Few literary surprises are quite as electrifying as the realization that you’ve been led through a story by an unreliable narrator. Whether the twist is doled out in dribs and drabs or disclosed in a flash, the big reveal that your humble narrator might not be telling the whole truth is one of literature’s greatest feats — provided the author can pull it off, of course. 

A well-written unreliable narrator is thrillingly effective at building suspense, ratcheting up tension, and propelling a story forward. But what is the definition of an “unreliable narrator,” and how has the device been used in literature throughout the years? Join us as we delve into this twisting, turning literary technique, tracing its origins from foundational texts to new works, like The Fury by Alex Michaelides, a mesmerizing murder mystery told by “the king of all unreliable narrators” (David Baldacci). 

“Unreliable Narrator” Definition

An unreliable narrator is a storyteller whose story cannot be fully trusted. Sometimes an unreliable narrator consciously withholds information from the reader or seeks to mislead; other times a narrator’s unreliability is beyond their control. No matter the motivation, an unreliable narrator subverts our expectation that what we’re reading is to be believed — and, as a result, tests our assumptions about believability as a whole. 

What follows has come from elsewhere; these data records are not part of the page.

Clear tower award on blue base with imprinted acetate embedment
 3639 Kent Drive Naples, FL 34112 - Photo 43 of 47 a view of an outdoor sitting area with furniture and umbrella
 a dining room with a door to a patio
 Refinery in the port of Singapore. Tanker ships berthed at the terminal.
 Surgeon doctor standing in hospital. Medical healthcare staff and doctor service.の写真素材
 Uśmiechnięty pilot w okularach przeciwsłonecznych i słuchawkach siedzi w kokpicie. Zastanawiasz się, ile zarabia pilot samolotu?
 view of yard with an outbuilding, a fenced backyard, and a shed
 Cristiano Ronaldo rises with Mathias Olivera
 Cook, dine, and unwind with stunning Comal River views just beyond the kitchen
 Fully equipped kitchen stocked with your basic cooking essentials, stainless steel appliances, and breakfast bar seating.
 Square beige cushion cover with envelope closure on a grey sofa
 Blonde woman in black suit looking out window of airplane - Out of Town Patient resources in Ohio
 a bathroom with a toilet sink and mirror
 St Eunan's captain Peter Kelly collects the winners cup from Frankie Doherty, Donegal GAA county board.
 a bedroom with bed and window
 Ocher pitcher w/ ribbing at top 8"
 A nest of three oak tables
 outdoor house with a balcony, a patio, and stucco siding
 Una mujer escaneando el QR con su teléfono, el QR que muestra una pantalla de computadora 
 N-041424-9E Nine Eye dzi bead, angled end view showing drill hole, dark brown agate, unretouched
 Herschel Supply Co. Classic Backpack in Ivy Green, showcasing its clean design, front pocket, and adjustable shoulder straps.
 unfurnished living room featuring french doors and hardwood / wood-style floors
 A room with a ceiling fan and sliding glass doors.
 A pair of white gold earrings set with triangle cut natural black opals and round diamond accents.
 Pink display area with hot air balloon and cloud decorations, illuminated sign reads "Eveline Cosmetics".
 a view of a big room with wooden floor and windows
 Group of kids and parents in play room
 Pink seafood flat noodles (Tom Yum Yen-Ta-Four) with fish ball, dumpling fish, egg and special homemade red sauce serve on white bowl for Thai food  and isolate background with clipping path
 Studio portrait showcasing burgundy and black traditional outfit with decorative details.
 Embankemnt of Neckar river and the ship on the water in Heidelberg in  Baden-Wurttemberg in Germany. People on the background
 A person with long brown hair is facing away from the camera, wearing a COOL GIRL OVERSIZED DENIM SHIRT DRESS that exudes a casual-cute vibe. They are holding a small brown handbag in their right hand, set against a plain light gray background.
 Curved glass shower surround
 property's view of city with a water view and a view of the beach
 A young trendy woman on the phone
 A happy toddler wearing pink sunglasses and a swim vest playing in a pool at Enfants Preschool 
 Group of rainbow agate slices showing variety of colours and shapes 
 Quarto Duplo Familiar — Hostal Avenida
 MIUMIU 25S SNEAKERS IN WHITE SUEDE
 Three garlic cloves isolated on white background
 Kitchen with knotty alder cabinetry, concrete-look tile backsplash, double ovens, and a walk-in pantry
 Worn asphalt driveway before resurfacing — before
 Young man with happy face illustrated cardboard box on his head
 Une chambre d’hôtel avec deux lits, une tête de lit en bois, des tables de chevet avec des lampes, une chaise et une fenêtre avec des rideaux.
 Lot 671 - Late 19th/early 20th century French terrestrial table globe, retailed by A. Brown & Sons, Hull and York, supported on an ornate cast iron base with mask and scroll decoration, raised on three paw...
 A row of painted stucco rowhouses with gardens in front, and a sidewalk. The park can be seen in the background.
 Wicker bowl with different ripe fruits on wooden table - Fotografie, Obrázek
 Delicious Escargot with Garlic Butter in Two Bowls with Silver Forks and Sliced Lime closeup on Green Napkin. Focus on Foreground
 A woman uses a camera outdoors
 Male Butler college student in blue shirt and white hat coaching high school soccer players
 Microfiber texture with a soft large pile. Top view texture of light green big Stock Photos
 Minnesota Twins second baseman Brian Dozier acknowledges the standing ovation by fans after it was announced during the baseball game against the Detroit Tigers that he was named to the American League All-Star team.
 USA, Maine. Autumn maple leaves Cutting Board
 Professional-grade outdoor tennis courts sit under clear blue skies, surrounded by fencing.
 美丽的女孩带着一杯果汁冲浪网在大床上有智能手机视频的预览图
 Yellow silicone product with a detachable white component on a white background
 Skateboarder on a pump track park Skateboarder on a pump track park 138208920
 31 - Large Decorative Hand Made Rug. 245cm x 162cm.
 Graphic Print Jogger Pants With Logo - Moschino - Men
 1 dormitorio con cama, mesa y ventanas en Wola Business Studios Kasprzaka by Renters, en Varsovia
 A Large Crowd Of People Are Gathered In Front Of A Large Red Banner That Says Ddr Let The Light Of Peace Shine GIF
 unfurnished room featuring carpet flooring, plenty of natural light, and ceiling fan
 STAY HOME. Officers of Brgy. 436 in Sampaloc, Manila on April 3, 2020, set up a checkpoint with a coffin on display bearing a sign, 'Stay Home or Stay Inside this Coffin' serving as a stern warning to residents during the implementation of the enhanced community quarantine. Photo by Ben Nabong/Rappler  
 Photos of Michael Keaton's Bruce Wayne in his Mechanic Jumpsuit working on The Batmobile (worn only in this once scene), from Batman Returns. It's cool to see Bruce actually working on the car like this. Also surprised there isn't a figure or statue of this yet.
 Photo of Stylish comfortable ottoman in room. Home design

Unreliable narrators can be found throughout the history of literature, from the fantastical exploits of Lucius in Apuleius’s The Golden Ass (late-2nd century AD) to the tall-tale adventures of Baron Munchausen in Rudolf Erich Raspe’s Baron Munchausen's Narrative of his Marvellous Travels and Campaigns in Russia (1785). The literary technique was especially popular among the modernist authors of the late-19th and early-20th centuries. James Joyce, Gertrude Stein, and William Faulkner frequently employed the technique and would push it to its limits with a “stream of consciousness” style of writing, where a narrator’s chaotic flow of thoughts is the narrative. Literary critic Wayne Booth is often credited with coining the term “unreliable narrator” after dissecting the differences between reliable and unreliable narration in his 1961 book The Rhetoric of Fiction

Types of Unreliable Narrators

While there are as many varieties of unreliable narrators as there are styles of stories, you’ll generally encounter three types in literature:

Narrators who mislead you on purpose.

This type of unreliable narrator knows they’re playing with the reader. Many times they have a reason to lie — perhaps to protect themselves from retribution or conceal their culpability in a crime. You’ll often find this type of unreliable narrator in mysteries, thrillers, and crime novels, as they keep the reader guessing. Gone Girl by Gillian Flynn (2012) is a prime example of multiple narrators knowingly lying to protect themselves in the wake of a disappearance. The Fury by Alex Michaelides delivers an immersive murder mystery set on a bewitching Greek island in which we’re never quite sure if our narrator is telling the whole truth about the murder that just occurred.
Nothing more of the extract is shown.